Ok, thanks for clearing that up. I'm still a bit surprised that they would make an aquarium lighting unit using NO T5s though. First time I've seen that. Or I just haven't been paying attention!


----------



## goalcreas (Nov 20, 2006)

Well, the thing about the NO bulbs is that they just last so dang long and run so cool. Also, I mainly use this as an addition light, for anything deeper then a 20 long, I wouldn't use these solely, but that is just me, some do. The color temps of these bulbs are by far the greatest for the price, because they are just so dang cheap. The thing that bugs me the most is that I can't get these for a 10 gallon, because 24" is the shortest fixture they make, otherwise these would be my first choice for 10 gallons, probably two of them.
The reason being however, at least why I think they don't make the 20" fixture is that the shortest standard size of T5 bulb is longer then 20".
I suppose you could and some probably do use the 24" on a 10 gallon, but unless I were to hang it, it would just bug me that it overhangs.

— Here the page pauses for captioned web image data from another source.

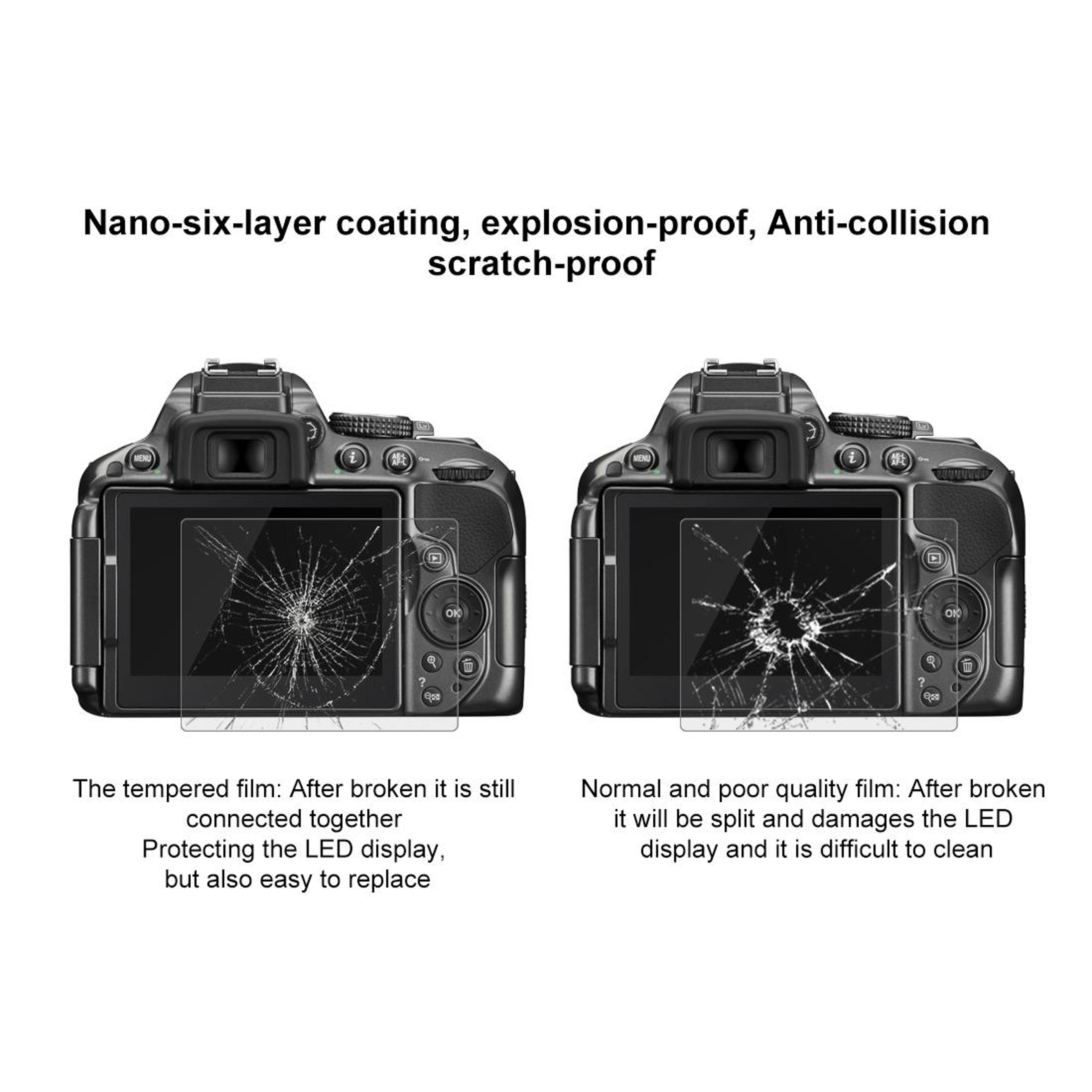 Tempered Glass Screen Protector For Nikon D5300 D5500 D5600  Pentax K 1 9H Hardness DSLR LCD Shield 10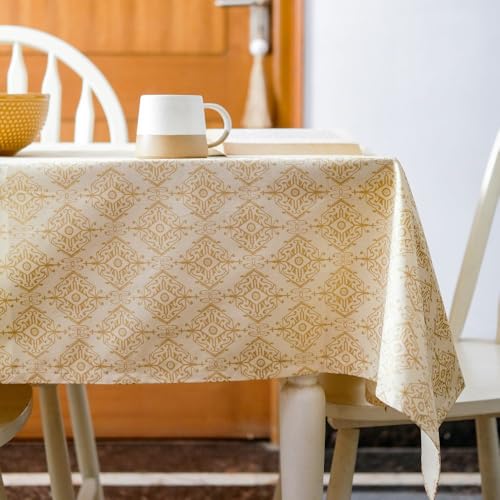 Image of THE YARD HOUSE Wipeable & Anti-Slip Cotton Table Cover - Gilded Opal, Oval 6 Seater - 150Cm X 225Cm Cover | Protects Against Spills & Scratches | Family Dining, Party, Gifting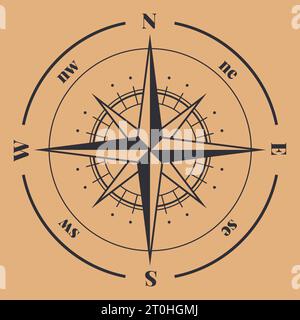 Kompass. Windrose mit Nordausrichtung, antikes Logo für Seefahrtsausrüstung. Kartographisches und geografisches Konturzeichen. Schwarze Silhouette eines klassischen nautischen Instruments. Vektorabbildung Stock Vektor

BTW for those who haven't used these, they come with two thin wire metal hangers, they pull out from each end, they are made for open top tanks, because you pull the hanger out so that it hangs over the edge, with a top it is a little tricker to use unless you place the fixture right on the glass. That being said, I have it on a closed top tank and have made it work just fine, but it is somewhat of a balancing act.
That light is worth it though.


----------



## Hashbaz (Apr 23, 2006)

I really like how thin/compact these fixtures are. My brother has the standard plastic hood and these fixtures fit right inside the place for the standard NO fixture.

I have one sitting on top of a glass fixture and could easily add a second without needing legs or anything.


----------